Originally released in 2016, Certain Dark Things sees itself fitted with a new look and an audio edition due to its re-release this month under Tor. Having only recently read another book by the same author, Silvia Moreno-Garcia, I am very appreciative of the spotlight shining onto this supernatural tale that felt equally familiar and intriguing after missing its first run.

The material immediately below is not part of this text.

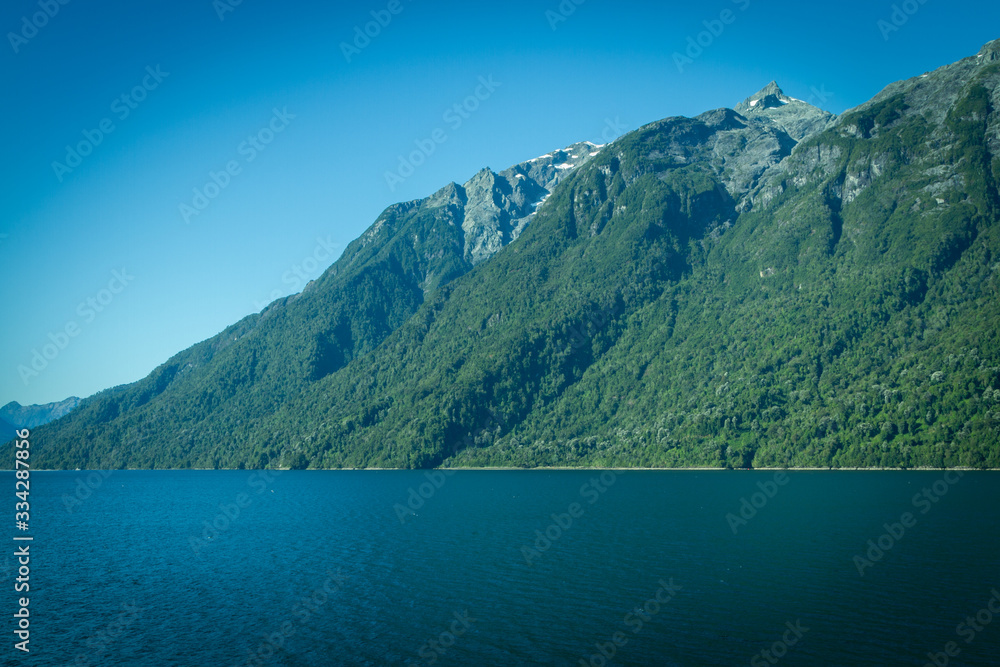 camino en barcaza desde caleta gonzalo hasta hornopirén, región de los lagos, Chile.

Set in a slightly more technologically advanced Mexico City, Certain Dark Things utilizes the ordinary sight of street kids, party culture, and policing to draw the reader into a world where vampires sprout bird wings because they’re from an Aztec clan. Through the point of view of said vampire, Atl, and a motley cast of screw-ups, we learn that in this world vampires have always existed but have remained a secret to the general public until the past few decades. Upon their reveal to the world, many countries restricted vampire habitation, with Mexico limiting vampire movement within its borders and barring them entirely from entering Mexico City. Thus, it is desperation and death that brings Atl to Mexico City at the start of the book. Her long-ruling family has recently become victim to genocide at the hands of a territorial war between vampire empires. Forced to go on the run with her cybernetically enhanced dog, Atl must quickly learn who she can trust and how far. Luckily, she runs into a curious street kid, Domingo, who has led a rough life made a little bit brighter by nerding out on vampire comics and movies. With his help, Atl finds that she may just survive to find a way through a city that holds treachery and danger around every corner while being hunted by the very sadistic vampire force that murdered her family.

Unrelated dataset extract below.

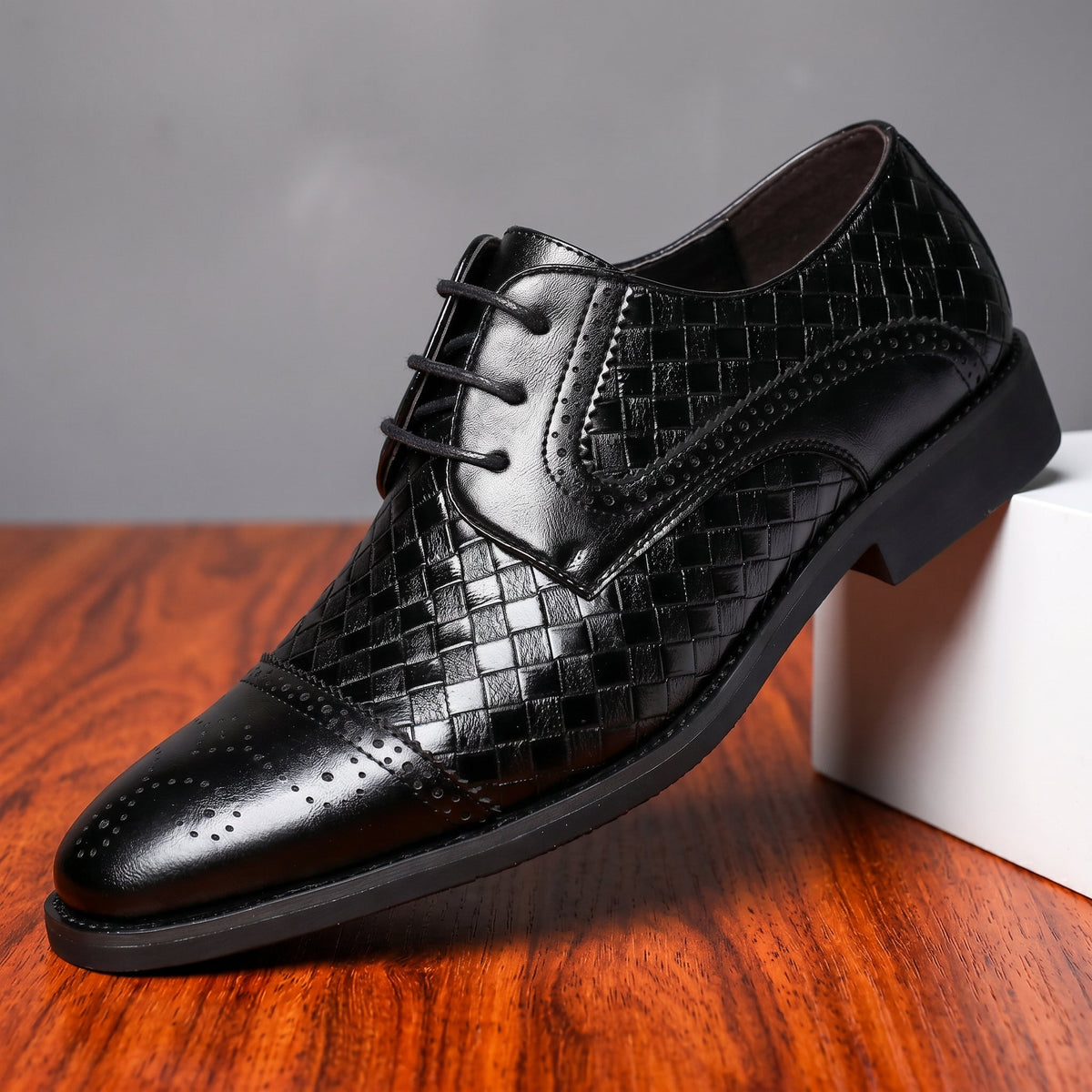 Men's Derby Brogue Shoes Cushioned Wingtip Dress Shoes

I found the integration of certain aspects of indigenous Mexican culture into the different practices upheld by the various vampire clans represented in the story refreshing. While the energy and some beats of the story reminded me of the best parts of the True Blood TV series and the political maneuvering of the vampire clans, human mobs, and police reminded me of Jade City, the commitment to showcasing how the loss of Atl’s family, the only remaining bearers of her culture, provides a unique lens. I also found that the story balanced a fine line between what I’ve seen before and feeling new by keeping the character motivations and crises clear throughout the tale. If you’re missing vampires, have a hankering for seeing them outside of a U.S. or UK-centric space, and are captivated by character work showcasing voices in direct conflict with one another, I think Certain Dark Things may just be the read for you.